In her mind’s eye, she saw Marik standing above her, a tool in one hand and some strange glowing orb in the other. He said, “I shall have to build a wall around it to protect her from its worst effects. It will seep into her consciousness slowly I hope. If it all comes to her once, it might be too much for her to take.”

The protester spoke again. “You cannot stay with her night and day, Marik.”

Marik replied, “But I would.”

A last final shock of pain so terrific and terrible that it made her entire body arch upward off the pallet that she lay on, her spine forming a curve so taut that she could hear little crackles and pops coming from there.

Her body collapsed. Her feet drummed against the floor and the pallet. Her hands opened and closed.

Words flew through her brain. Operations, performed by people and beings that she had never seen, flowed through her mind. The image of a book rose up. The book was vast, bigger than anything she had ever seen and she could not escape from the sight of it. The cover was red and of some material that she had never seen before.

The book cover flipped open. Illustrations and printed words met her eyes, and she could feel her eyes moving as she read every single word as the pages flipped wildly and swiftly. Sickness came back, but she did not vomit. She was hung fast in some strange corner of her own mind, trapped by the sight of the book of the words and the illustrations within it.

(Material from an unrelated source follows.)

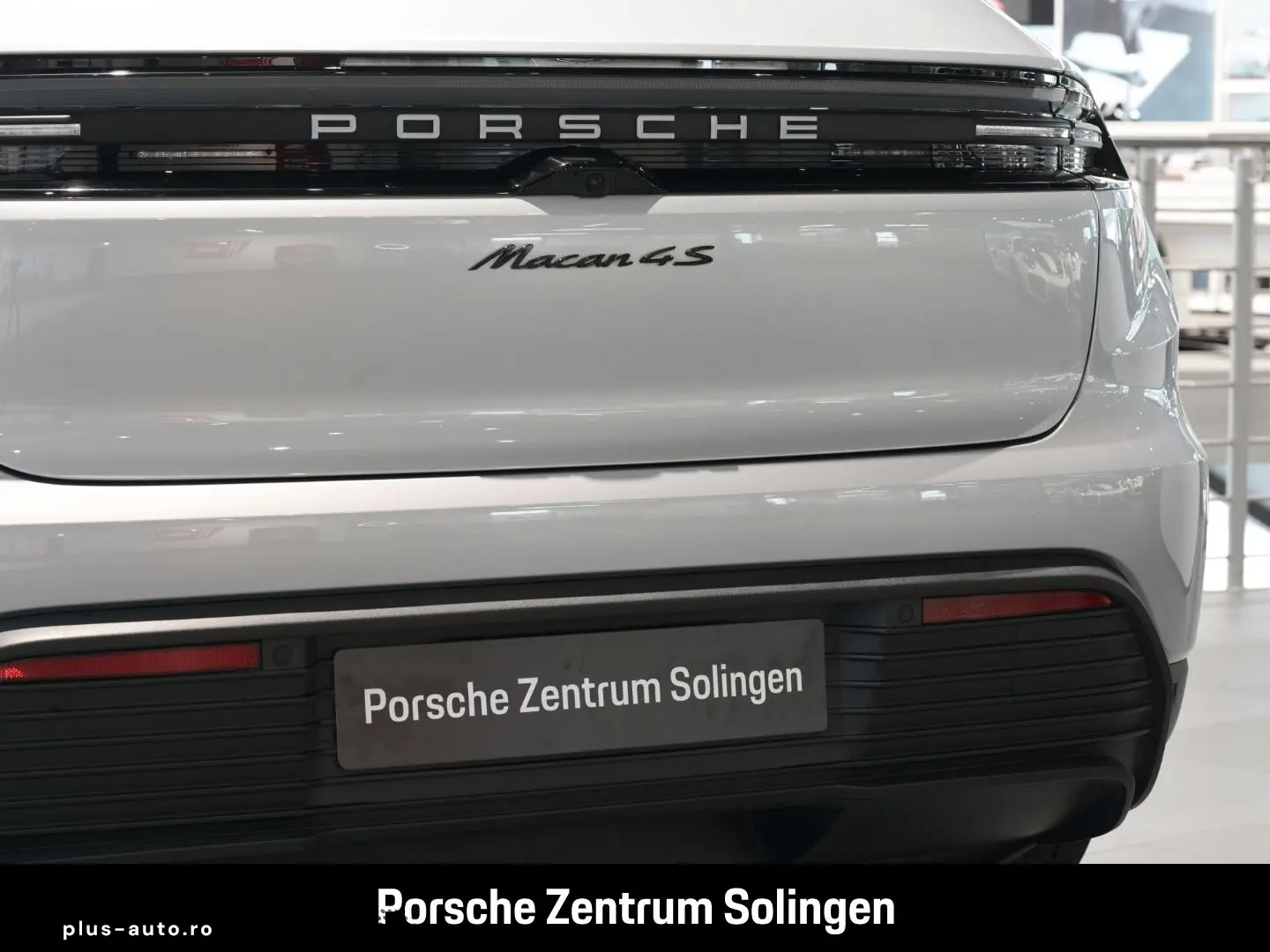 PORSCHE Macan Electric 4S PANO CHRONO LUFT AHK INNO HUD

Things she had never heard of. Ways to heal but she had never considered. So many things and all of it soaking into her brain so fast that she could feel herself trying to flee from that knowledge. She tried to shut down and escape it in order to protect herself from it.

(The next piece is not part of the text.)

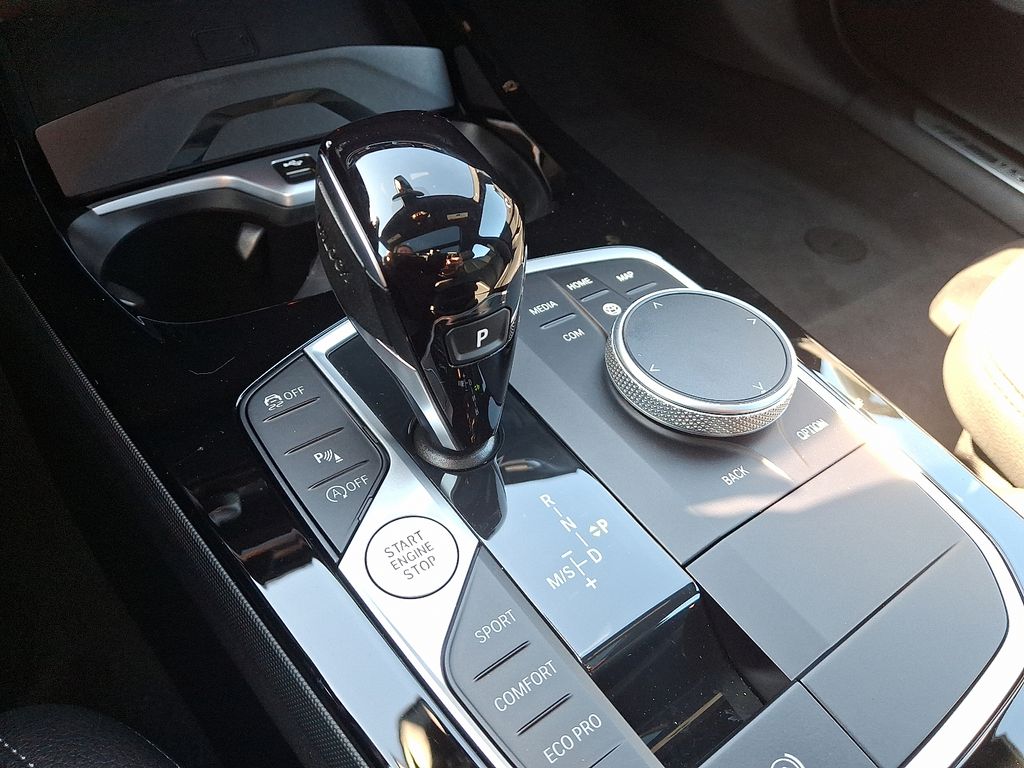 Thumbnail: 2024 BMW 2 Series - 16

The book slammed shut. Everything went black.

Her eyes fluttered open. The dimness was still all around her. She was still in the same room that she had woken to a short time earlier. She stared at the ceiling. There was a new wealth of knowledge in her head, she could feel it in there, crawling into the little cracks and nooks in recesses of her brain, burying itself into her mind forever.

Tears leaked down her face. How could Marik have done that to her? It was not so much that she minded having that knowledge. It was the way that he had given it to her. He had known that she might not be able to survive and she was fairly sure, as she lay there weeping silently, that she barely had.

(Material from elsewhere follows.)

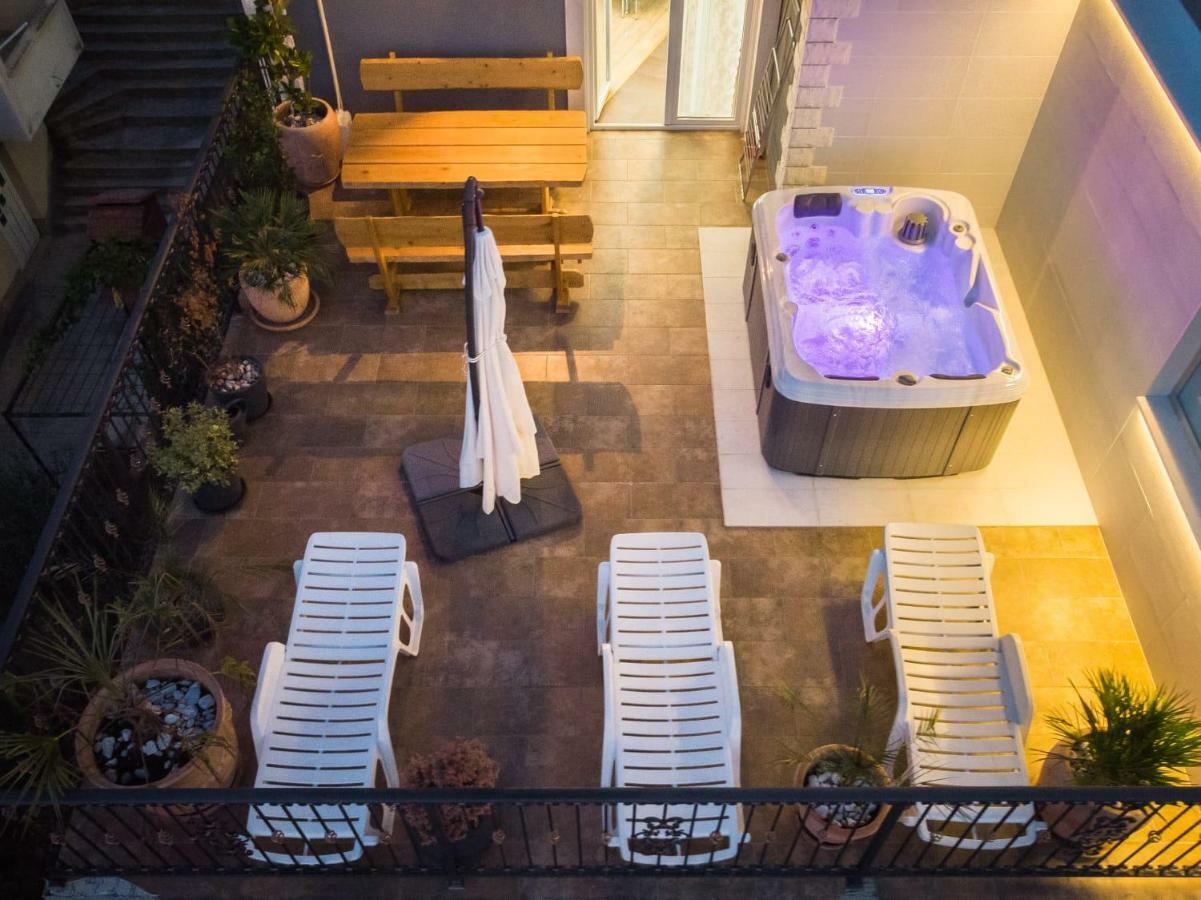 Sea View Apartments With Jaccuzzi Подстрана Екстер'єр фото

She knew a great deal of time had passed simply by the way the dimness had increased and the shadows had grown thicker in the corners of the room.

She did not dare try to sit up. Her strength was gone. Her limbs felt loose and weak, like someone had run water into her skin and left her without bones. The sickness came back again, and that time she didn’t bother trying to hold it down. She rolled over and retched onto the floor, grateful suddenly that all that was in her belly was some water that she had had earlier that day. She had been given a protein bar as a ration, but there had been a small and very hungry child in one of the rooms, and she had given the child her food instead of eating it herself.

Everything ached. Her eyes felt gelled in their sockets. Her fingers did not want to work. She still felt boneless and weak even after she’d been sick, and she managed to roll away from that small puddle, but it took a great deal of exertion for her to do so.

Her breath was labored. That prickling, crawling sensation in her brain continued. It repulsed her as much as it fascinated her. It was knowledge, and she knew it but if it were not done yet, then maybe she would not survive after all. She was not sure how much more of that she could take.

Marik had betrayed her. He had done something to her wholly without her permission, and he had done it knowing that it could kill her. She loved him, but he had zero regard for her. That was clear. If he cared for her at all, he would never have done that.